The national population reached 23.7 million at the end of March after growing 1.4 per cent over the year, according to new data from the Australian Bureau of Statistics (ABS).
Deaths throughout Australia exceeded births by 12,600. However, this was offset by net overseas migration of 173,100 people, which represented 55 per cent of the country’s population growth.
Victoria recorded the strongest growth, expanding its population by 1.7 per cent to 5.9 million.
NSW and Western Australia both recorded 1.4 per cent growth, with NSW’s population reaching 7.6 million and WA’s reaching 2.6 million.
Queensland and the ACT both experienced 1.3 per cent growth, with Queensland climbing to 4.8 million and the ACT climbing to 390,000.
South Australia’s population increased 0.8 per cent to 1.7 million.
The two laggards were Tasmania, which grew 0.3 per cent to 516,000, and the Northern Territory, which grew 0.2 per cent to 244,000.

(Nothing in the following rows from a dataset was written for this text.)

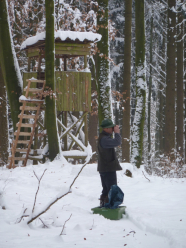 Jäger im Winter vor Hochsitz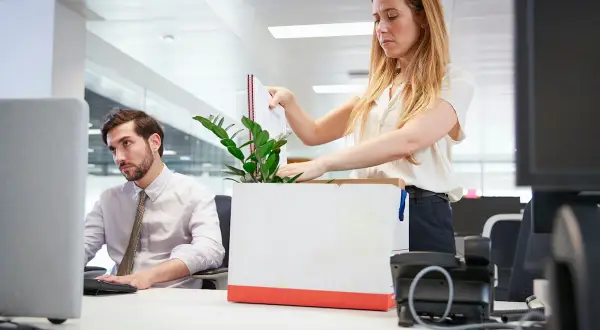 Kobieta pakuje rzeczy do kartonu, co sugeruje likwidację stanowiska pracy. Obok siedzi zamyślony mężczyzna przy komputerze.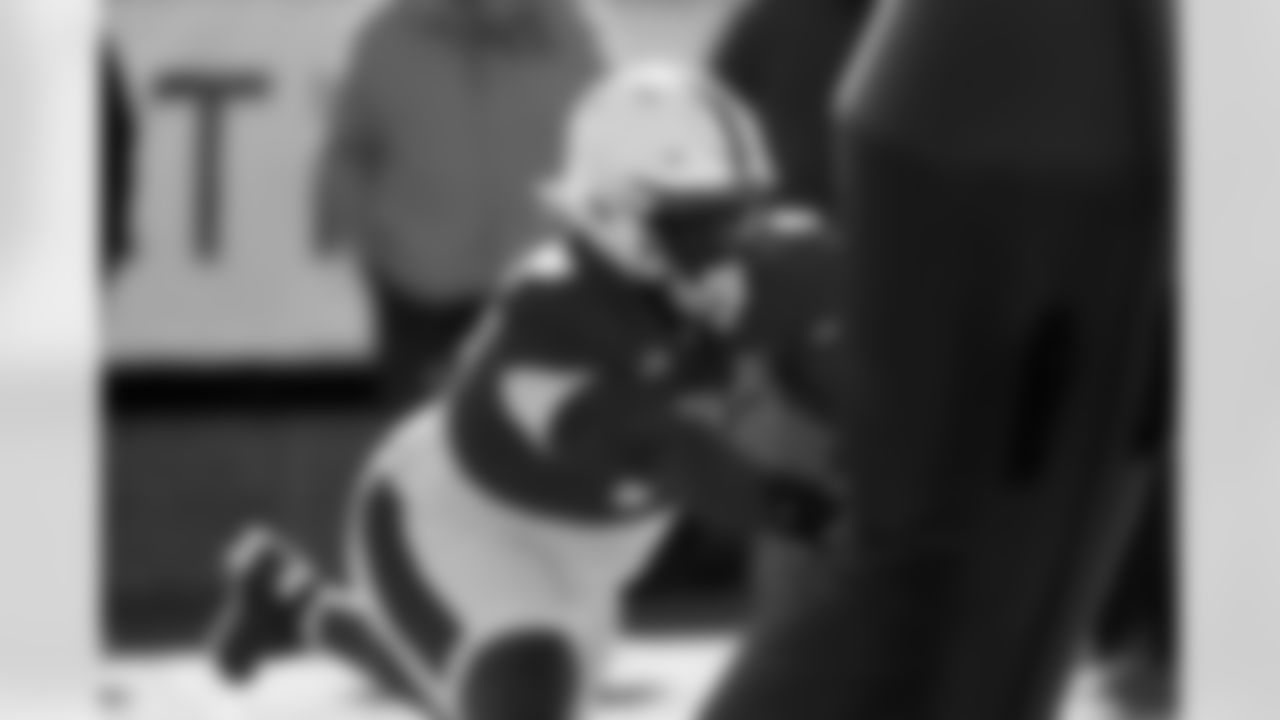 National Team defensive tackle Zane Durant (28), of Penn State, runs through drills during practice for the Senior Bowl NCAA college football game Wednesday, Jan. 28, 2026, in Mobile, Ala. (AP Photo/Butch Dill)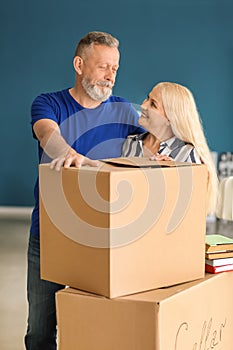 Mature couple with moving boxes at new home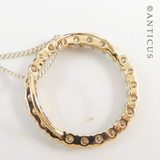 Gold and Diamond Circular Pendant on Chain.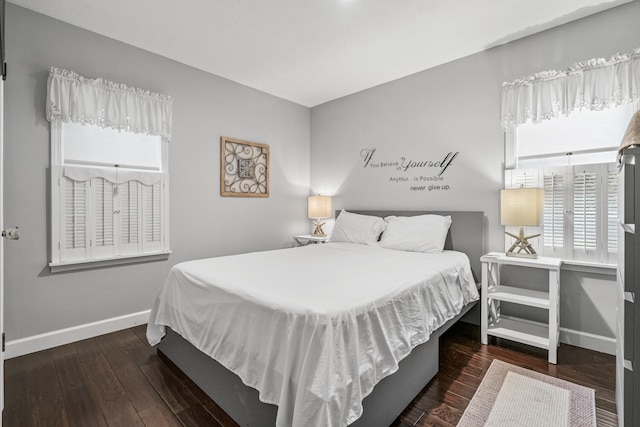 bedroom featuring dark hardwood / wood-style flooring and multiple windows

ABS director of demography Denise Carlton said Victoria and Queensland were the only states to record a net gain from interstate migration.
Ms Carlton said WA’s population growth slowed due to migration – for the first time in a decade, more Australians moved out of the state than into it, while net overseas migration fell 71 per cent over the past two years.
Population growth slumped to 11-year lows in the NT, according to Ms Carlton.
“Net interstate migration losses were the greatest contributor to this slower growth, with the territory recording its largest ever interstate migration loss in the year to March 2015,” she said.